• _RECORDS FOR THE TASK_:

##########

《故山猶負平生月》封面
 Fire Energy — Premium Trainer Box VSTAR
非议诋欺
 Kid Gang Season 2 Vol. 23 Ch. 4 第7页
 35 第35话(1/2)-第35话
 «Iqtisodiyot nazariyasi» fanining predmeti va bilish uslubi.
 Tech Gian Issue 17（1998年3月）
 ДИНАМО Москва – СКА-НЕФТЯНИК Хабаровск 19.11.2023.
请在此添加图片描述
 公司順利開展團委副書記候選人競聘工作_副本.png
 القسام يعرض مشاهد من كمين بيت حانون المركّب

##########

• _WHAT YOU NEED TO DO_:
Retype exactly. Start at the line with "35 第35话(1/2)-第35话" and stop at the last line of the data.

• _RESPONSE FOR THIS EXERCISE_:
 35 第35话(1/2)-第35话
 «Iqtisodiyot nazariyasi» fanining predmeti va bilish uslubi.
 Tech Gian Issue 17（1998年3月）
 ДИНАМО Москва – СКА-НЕФТЯНИК Хабаровск 19.11.2023.
请在此添加图片描述
 公司順利開展團委副書記候選人競聘工作_副本.png
 القسام يعرض مشاهد من كمين بيت حانون المركّب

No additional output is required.